Io non capisco.
Affanni, ansie, livori, mi disturbano. Come insetti che neanche ho voglia di schiacciare. Si badi, non per pietà.
Gioie e dolori mi sfiorano soltanto quando DEVO prestarci attenzione. E sono quasi sempre le gioie e i dolori di altri... Poi, per me, non capisco a cosa serva tutta la pantomina di dover avere dei sogni, delle aspirazioni, delle illusioni, qualcosa in cui credere, un ideale per cui magari morire, e lo scrivo senza amarezza. Con lucidità e un accenno di sorriso sulle labbra.

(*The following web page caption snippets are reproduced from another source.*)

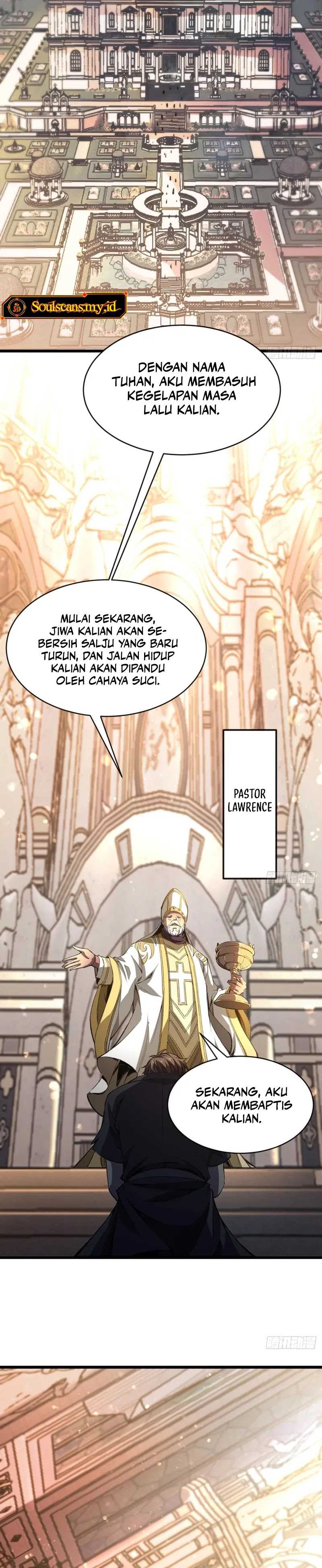 Lord of Summons! Sudden Mutation Chapter 20 page 6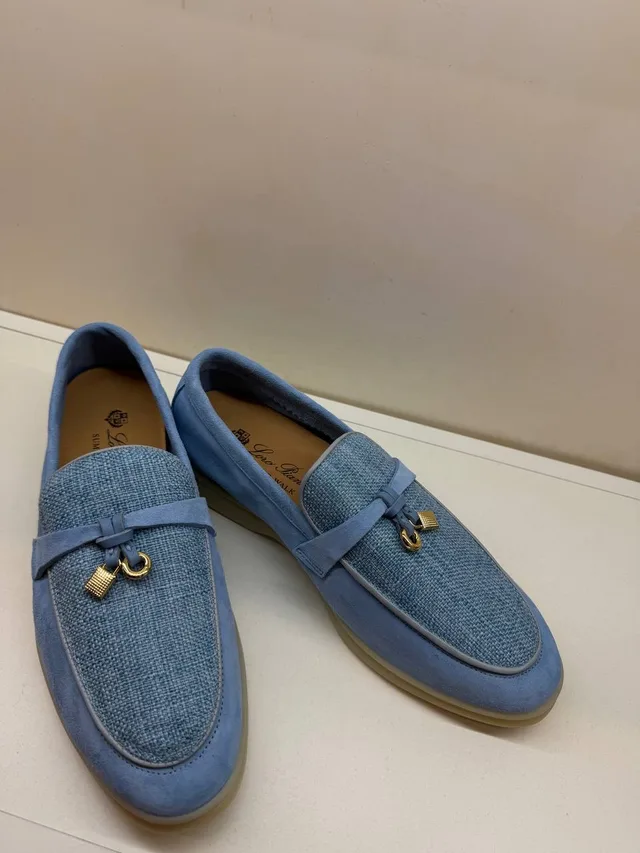 Лоферы Loro Piana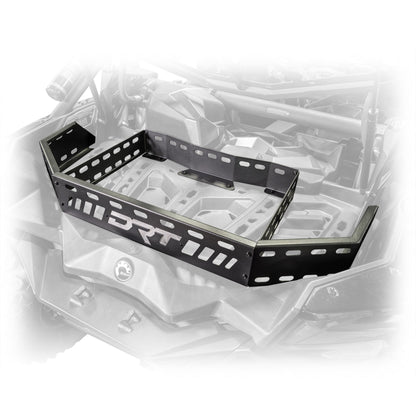 DRT Motorsports Can-Am X3 Cargo Storage Rack
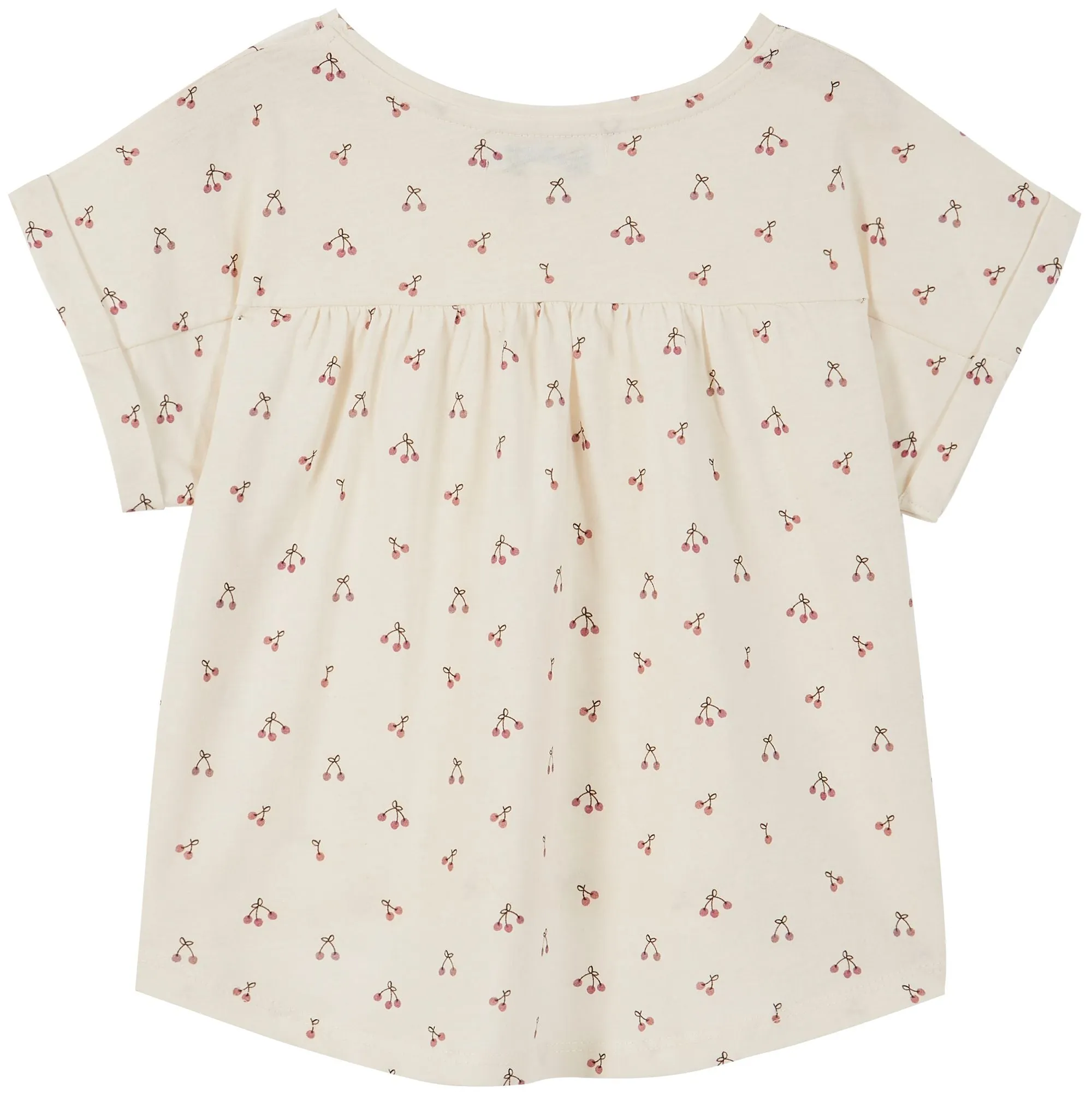 Griotte T-Shirt in Ecru
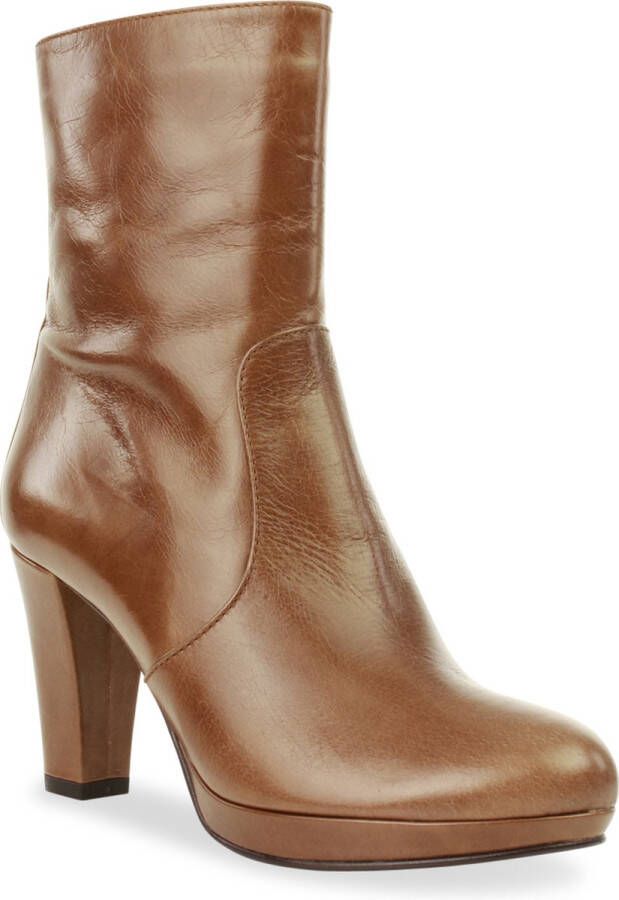 Noë Shoes Nadra Mid Boot Mid Brown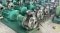 ชุดปั้มน้ำหอยโข่งงานสเตนเลสKSB PUMP GERMANY  380V เข้ามาหลายชุด สภาพสวยตัดประมูล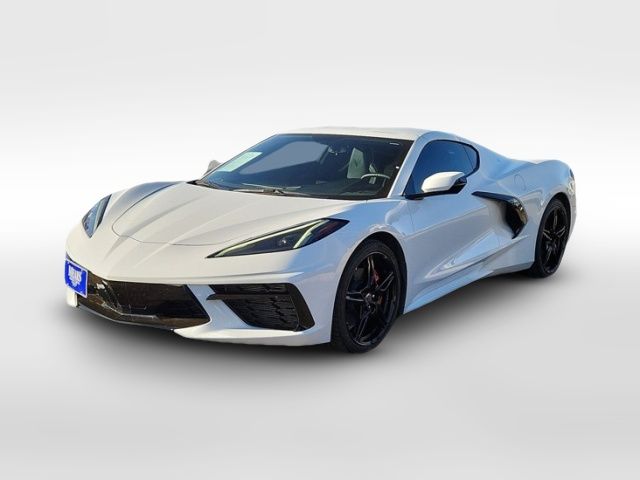 2021 Chevrolet Corvette 1LT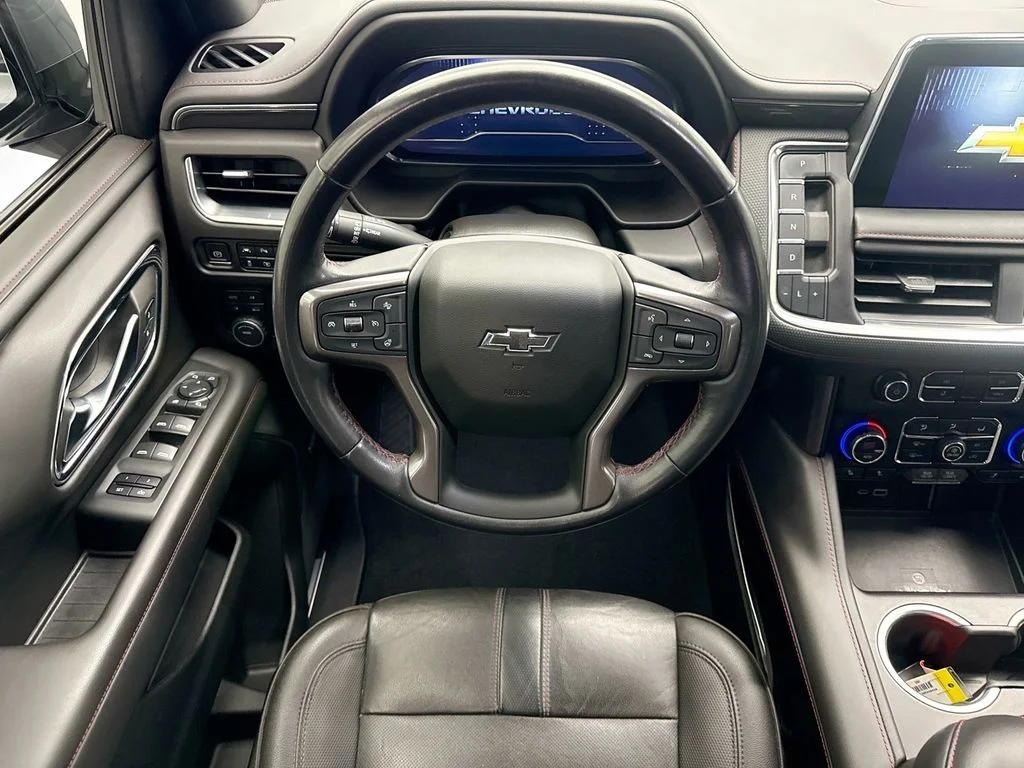 Used 2022 Gray Chevrolet RST image 10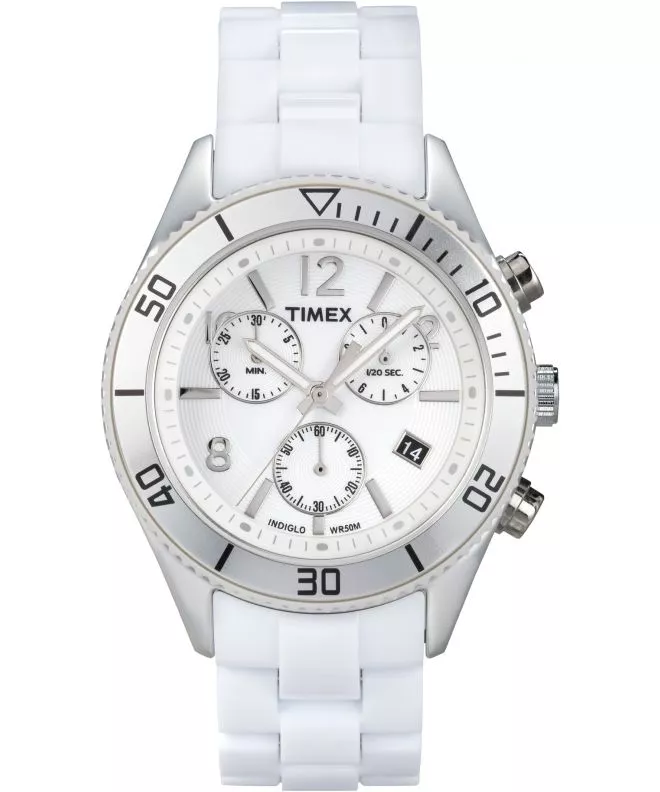 Dámské hodinky Timex Sport Chronograph T2N868 T2N868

Ci sono libri, questo so, che non dovrebbero mai essere letti. (Come dischi che, incisi, dovrebbero essere riposti e dimenticati ai più.) Nel "Libro dell'inquietudine..." tutto è divinamente anonimo, umanamente abbozzato, nervosamente sospeso. Sono riflessioni senza un nesso logico e temporale di un piccolo contabile di Lisbona, un omino insonne e dimesso; si intuisce non attraente. Siamo negli anni Trenta del secolo appena trascorso; ma potremmo essere in ogni angolo del mondo e in ogni epoca. E soprattutto Bernardo Soares potrebbe essere chiunque, fra i tanti fantasmi che incrociamo ogni giorno. Ma potremmo anche essere noi: ed è questo il cancro che questo libro infonde nell'anima del lettore, quando cioè questi per un attimo sfiora la filosofia dell'autore e ne resta travolto e schiacciato. Perchè ciò che Bernardo Soares (fra i tanti, l'eteronimo certamente più tragico e calzante allo scrittore Pessoa) osserva dalla finestra del suo studio in Rua Dos Douradores, piuttosto che seduto al solito tavolo nella solita sordida taverna, o un giorno in campagna in visita a un amico; ciò che il grigio Bernardo annota tranquillo e senza speranza nel suo diario è un mondo interiore che già conosce la Verità di tutto, foriero di un Segreto che i più non vogliono vedere, ed io sto per piangere...
Soares attraversa la "maglia rotta nella rete" di montaliana memoria, ma ci svela che anche al di là è tutto uguale, resta sempre lo stesso...
"(...) Ogni giorno la Materia mi maltratta. la mia sensibilità è una fiamma al vento."